Radicalisation d’une génération

C’est dans le contexte de tous ces développements, que le mouvement étudiant a surgi. En un sens, nous assistons au rejet par toute une génération étudiante, non seulement de mesures législatives néo-conservatrices, néolibérales et autoritaires, mais aussi de l’essence du projet capitaliste actuel et du nouveau paradigme du travail. C’est pourquoi ce n’est pas seulement un mouvement étudiant, mais aussi une manifestation d’un cycle historique de luttes sociales plus large contre la phase de restructuration du capitalisme en cours, qui a commencé avec le mouvement français de 2006. C’est pourquoi les commentateurs politiques et les faiseurs d’opinion ont enjoint le gouvernement de ne pas aller poursuivre sur une ligne trop agressive, parce que les véritables enjeux dépassaient l’éducation et tournaient autour de la radicalisation possible de toute une génération.

Par ailleurs, ce mouvement a été aussi très intéressant pour ce qui est des tendances politiques qui y ont pris part. Il faut garder à l’esprit, qu’en Grèce, les syndicats étudiants sont particulièrement forts et politisés (70% des étudiant-e-s ont voté en avril 2006)1, ce qui aide à organiser des assemblées générales et à imposer des occupations. Le rôle de force motrice joué par EAAK2 (mouvement unifié de la gauche indépendante) a aussi marqué une évolution importante. Ce mouvement regroupe la plupart des tendances de la gauche radicale et est organisé comme un réseau de collectifs de gauche indépendants dans de nombreux départements universitaires. En revanche, la Jeunesse communiste, particulièrement implantée a essayé initialement de casser la dynamique du mouvement en défendant ouvertement des positions de repli – par exemple, que les étudiants ne devaient pas faire des occupations durant les examens, etc.) – pour faire ensuite un effort de dernière heure (sans succès) pour le réintégrer. Le rôle moteur de EAAK a été essentiel pour assurer la radicalisation de la confrontation, en ciblant tous les aspects des réformes éducatives3, en étendant le mouvement à toute la Grèce et en garantissant son indépendance de toute forme de calcul et de manipulation politiques.

La lutte continue…

L’annonce par le gouvernement du report du vote de la nouvelle loi, au moins jusqu’à l’automne, a été perçue comme une première victoire dans une bataille prolongée, qui fournit déjà un exemple plus que bienvenu de la capacité des luttes sociales d’obtenir des résultats tangibles et de véritables victoires. Mais les étudiant-e-s, conscients autant de leur force que de la capacité de manoeuvre du gouvernement, sont bien décidés à poursuivre les occupations et les manifestations de masse dans toute la Grèce jusqu’au retrait complet des mesures proposées.

Aristeri ANASYNTHESI*

* Ce document d’analyse a été publié par «La Gauche recomposée», une organisation de la gauche radicale grecque qui dispose d’une forte présence dans le mouvement étudiant (www.anasynthesi.com).

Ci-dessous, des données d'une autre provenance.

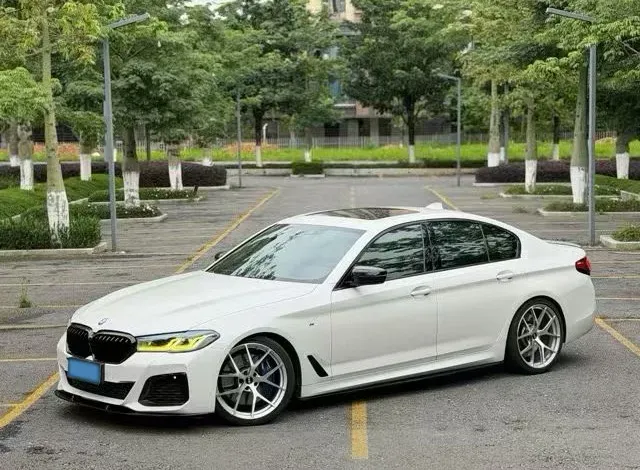 2020 BMW 5 Series 3.0T 340HP L6 8AT,autocango,china used car exporter,china ev exporter,chinese used car exporter,chinese used ev exporter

  1. En dépit de la présence impressionnante des listes conservatrice (39%) et socialiste (26%), la gauche dispose d’une présence forte avec la Jeunesse du Parti communiste (plus de 15% des votes), EAAK – Mouvement unifié de la gauche indépendante (plus de 7%) et la Jeunesse de Synaspismos (Coalition de gauche – membre du Parti de la gauche européenne) (environ 2,5%).
  2. D’autres courants plus petits ont ausi été présents dans le movement, comme la jeunesse de Synaspismos (parti fortement représenté parmi les professeurs d’université), ainsi que l’Initiative Gênes 2001 (affiliée au SEK – Parti socialiste des travailleurs, section grecque de l’International Socialist Tendency).
  3. Par exemple EAAK est le seul courant significatif de gauche à s’opposer à TOUTES les formes de certifications de qualité.